## Exercise details
Please print exactly the lines from the line containing "Joyero árbol dorado y blanco" through the end of the data, no more, and keep pictures out of the copy.

::::

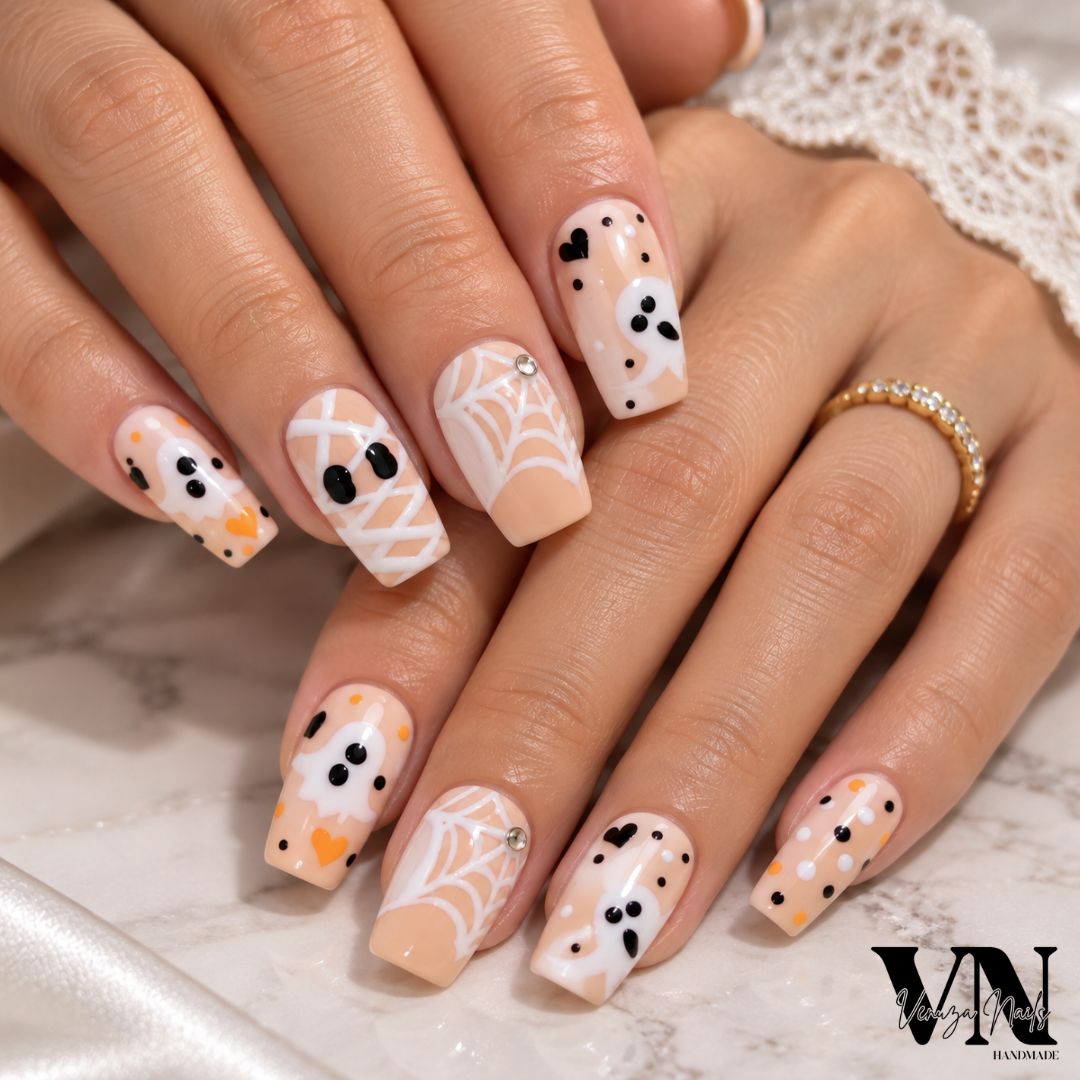 Ongles américains Halloween Little Ghost nude avec nail art fantôme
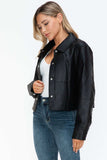 Snobbish Snap Down Long Sleeve PU Leather Jacket - Trendsi - Flyclothing LLC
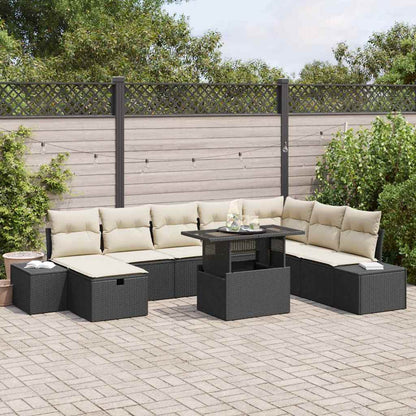Set Divano da Giardino 9 pcs Nero polyrattan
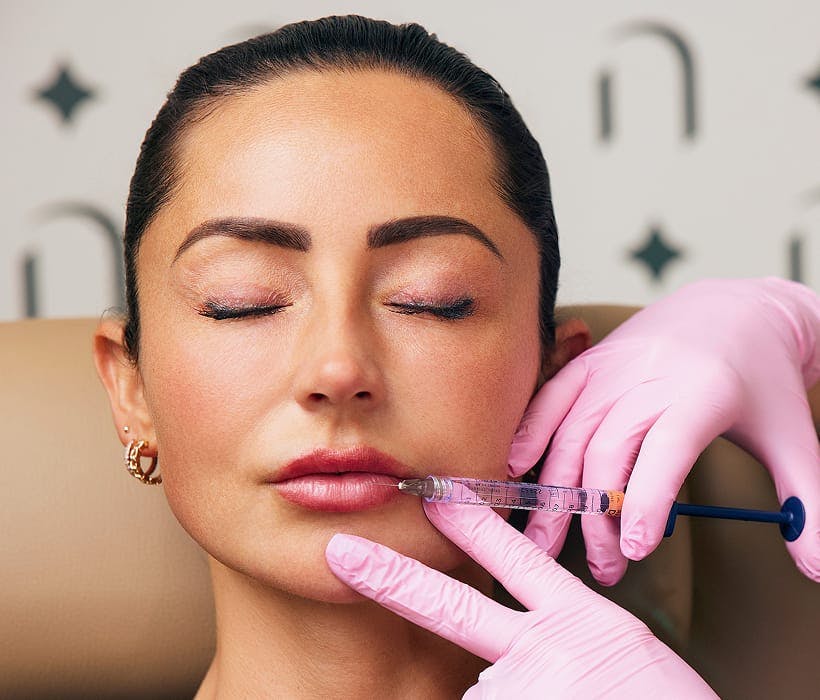 Woman with her eyes closed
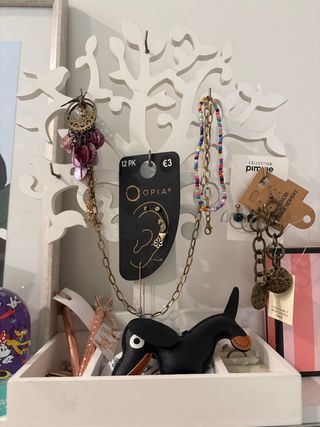 Joyero árbol dorado y blanco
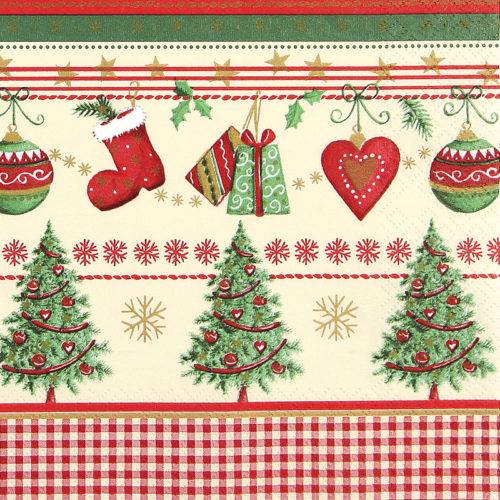 HOME FASHION Zelltuch-Servietten 33 x 33 cm, 3-lagig, 1/4 Falz, 20 Stück/Pack | mit Motiv Tradition Christmas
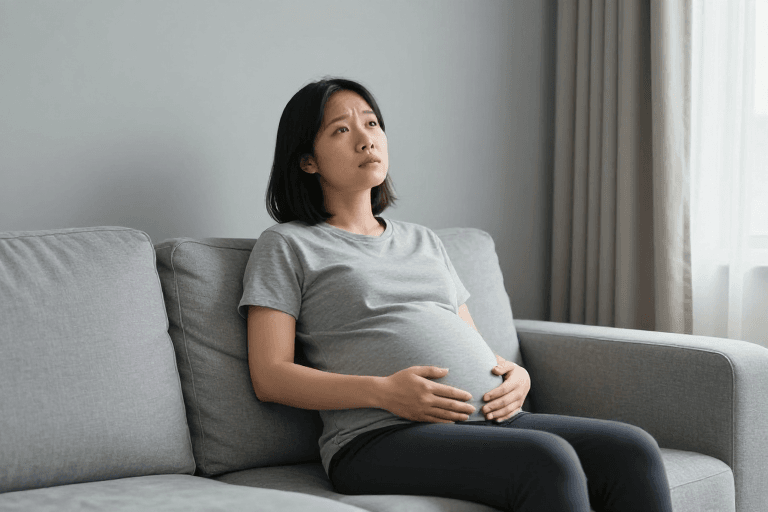 母婴健康素材：亚洲孕妇疲惫沉思：柔光摄影展现真实母爱瞬间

::::

## Problem solution
 Joyero árbol dorado y blanco
 HOME FASHION Zelltuch-Servietten 33 x 33 cm, 3-lagig, 1/4 Falz, 20 Stück/Pack | mit Motiv Tradition Christmas
 母婴健康素材：亚洲孕妇疲惫沉思：柔光摄影展现真实母爱瞬间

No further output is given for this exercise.